What needs to be done: Nothing but the lines from the first line of the entries through the line with "Supplier Raw Brazilian" should appear in the answer, transcribed exactly and free of pictures.

----

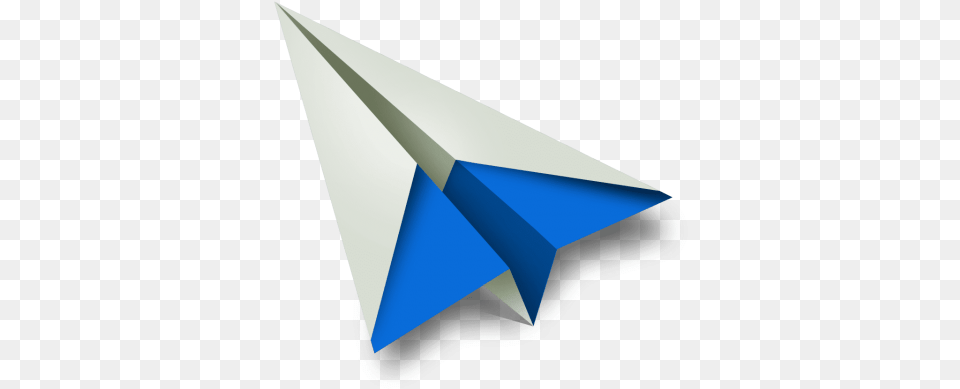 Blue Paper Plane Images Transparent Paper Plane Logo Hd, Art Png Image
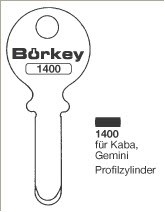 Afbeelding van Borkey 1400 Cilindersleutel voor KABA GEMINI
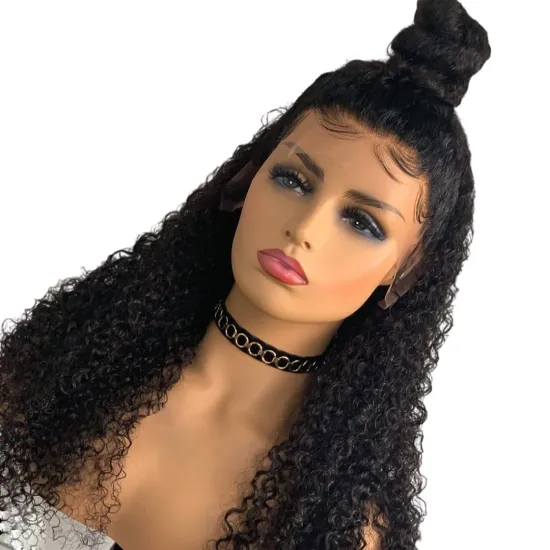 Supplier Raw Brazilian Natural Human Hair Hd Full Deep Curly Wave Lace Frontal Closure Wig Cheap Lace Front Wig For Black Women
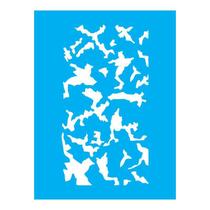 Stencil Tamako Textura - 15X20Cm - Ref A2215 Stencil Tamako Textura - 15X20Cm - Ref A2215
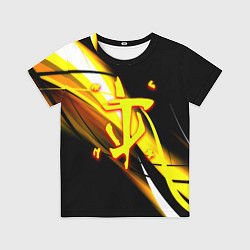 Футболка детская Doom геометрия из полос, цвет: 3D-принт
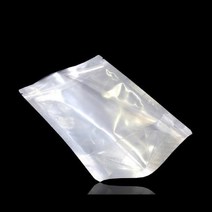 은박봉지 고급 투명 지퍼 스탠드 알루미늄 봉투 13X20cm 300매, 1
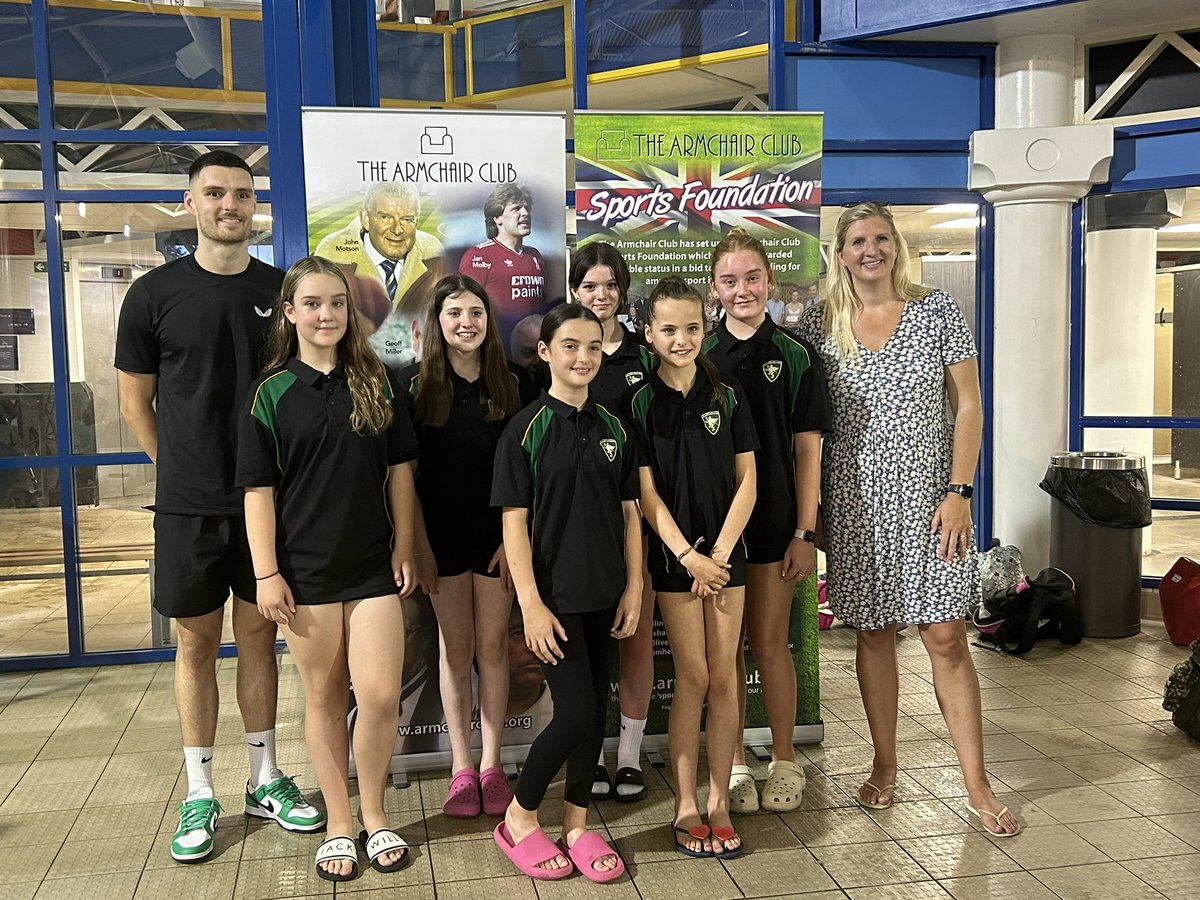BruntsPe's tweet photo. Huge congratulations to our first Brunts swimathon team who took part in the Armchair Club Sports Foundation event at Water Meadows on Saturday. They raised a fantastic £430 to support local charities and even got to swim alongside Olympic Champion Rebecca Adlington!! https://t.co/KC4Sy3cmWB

----

Output for this exercise:
 Blue Paper Plane Images Transparent Paper Plane Logo Hd, Art Png Image
 Afbeelding van Borkey 1400 Cilindersleutel voor KABA GEMINI
 Supplier Raw Brazilian Natural Human Hair Hd Full Deep Curly Wave Lace Frontal Closure Wig Cheap Lace Front Wig For Black Women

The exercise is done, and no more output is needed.